But if you ask me: What do you identify as? I’d tell you first and foremost I’m a mother. Secondly, no matter how much I sometimes try to avoid it, I identify very strongly as Egyptian even though cognitively I feel like a citizen of the world.
Mentally, I don’t want to have such a strong identity-affinity to Egypt. I have serious issues with the place. But it’s not only that. I also happen to think that human beings should be able to belong wherever they feel safe and at home. That would mean I should also identify as American. But I don’t. It should also mean that I’m beginning to identify as British. I don’t, simply because I’m not British. I haven’t been given that as a choice.
My dad was a staunch Egyptian. He criticized a million things about the country, its leaders, and many of its people. He did so until the day he died. Yet he refused American citizenship. He didn’t want to be anything but Egyptian no matter what the country did to him and it did a lot. My dad’s example has left something inside of me that I can’t remove no matter what I do.
But if I removed myself from my Dad’s teachings, what would I identify myself as? If I was raised somewhere else by different parents? If I lived for a longer period of time somewhere else? If I was born into a different religion? If I was exposed to different experiences? How different would I be from the Nadia I am now? Where is the core essence of Nadia irrespective of all the influences? Have you ever wondered that? I wonder about that all the time.
So I’m constantly trying to scratch beneath the surface and find my core.
In my core, there is always motherhood.
But I’m not sure I’m Egyptian in my core. I think my core is much more universal than having a belonging to one single piece of land.
In my core, I think I am a person who doubts rather than a person who believes. I am a person who has more questions than blind-faith-like answers.
In my core, I don’t even really find a woman as such. I just find a human being. I’m a human being who happens to be a woman and who happens to be comfortable in her skin as one.

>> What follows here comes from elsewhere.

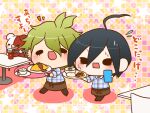  2boys ahoge alternate_costume amami_rantaro antenna_hair apron bear black_eyes black_footwear black_hair blue_shirt bow brown_apron brown_bow brown_pants buttons chibi collared_shirt commentary_request cup danganronpa_(series) danganronpa_v3:_killing_harmony drink drinking drinking_straw ear_piercing earrings eyelashes eyes_visible_through_hair flying_sweatdrops food glass green_hair grey_scarf grid_background holding holding_cup holding_plate ice ice_cube jewelry light_blush long_sleeves male_focus monotaro_(danganronpa) multiple_boys multiple_piercings nervous nervous_sweating notice_lines on_chair open_mouth pacifier pants piercing pink_background plaid plaid_shirt plate polka_dot polka_dot_background saihara_shuichi scarf shadow shirt shoes short_hair simple_background sitting sleeves_past_fingers sleeves_past_wrists smile solid_oval_eyes starry_background stud_earrings sweat table teacup translation_request uniform unmoving_pattern v-shaped_eyebrows waist_apron waist_bow waiter whipped_cream yumaru_(marumarumaru)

Perhaps those are the values that a Nadia minus the influences would hold. Those are, at least, some of the values that I try to steer myself towards these days. And if ever I find myself going in a different direction I stop, I hold a pow-wow with my many selves, and we ask each other if we’re who we all really want to be.
Who do we really want to be? Is something holding us back? If so, what? I find that the only thing ever really holding me back from being the person I’d like to be is me.